Don’t gamify healthcare — gamify health

tetris

There was a piece in Fortune earlier this month with which I strongly disagreed, on the subject of healthcare, technology, and “gamification”. The post centers around a health tech hackathon and, I think, in dismissing the promise of gamification, misses one of the most promising aspects of health IT. Here’s the gist:

Several months ago, I sat in on a case competition at Boston University’s School of Management. The event played out over two days, during which 15 teams of five students from B-schools all over the world — India, South Korea, Canada, but mostly the U.S. — pitched their ideas for a company, one that would revolutionize health care (the stated goal was particularly jargon filled: “to leverage information technology to transform global health care and create value”)…

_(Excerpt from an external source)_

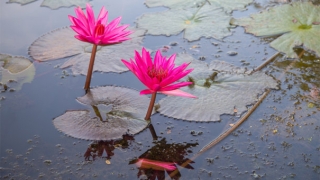 还受生债：自然胎停还阴债怎么去做比较好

Immediately, a theme emerged, and the theme was games. “How do we gamify health care?”… As the day wore on, one of the Merck representatives finally asked, in exasperation, “Why would you make a game out of taking a pill? This will never be fun,” which is true…

I happen to think this is a bit needlessly cynical with respect to drug adherence, but the point I want to make is different. The term “health IT” tends to conjure the thought of medical records and the efficiency of medicine more broadly. But one of the most promising areas in my mind, specifically with mobile technology, is in gamifying health.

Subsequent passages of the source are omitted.